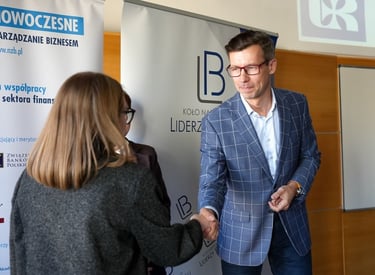 Wystąpienia na scenie uczelni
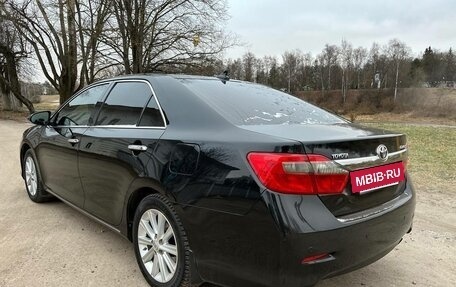 Toyota Camry, 2014 год, 1 650 000 рублей, 7 фотография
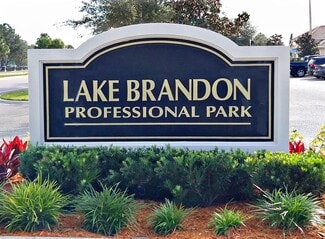More details for 1133-1135 Professional Park Dr, Brandon, FL - Office for Lease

**Assigned task**
Reproduce all of the data exactly, omitting each picture it holds.

**Your response**
 Wystąpienia na scenie uczelni
 Toyota Camry, 2014 год, 1 650 000 рублей, 7 фотография
More details for 1133-1135 Professional Park Dr, Brandon, FL - Office for Lease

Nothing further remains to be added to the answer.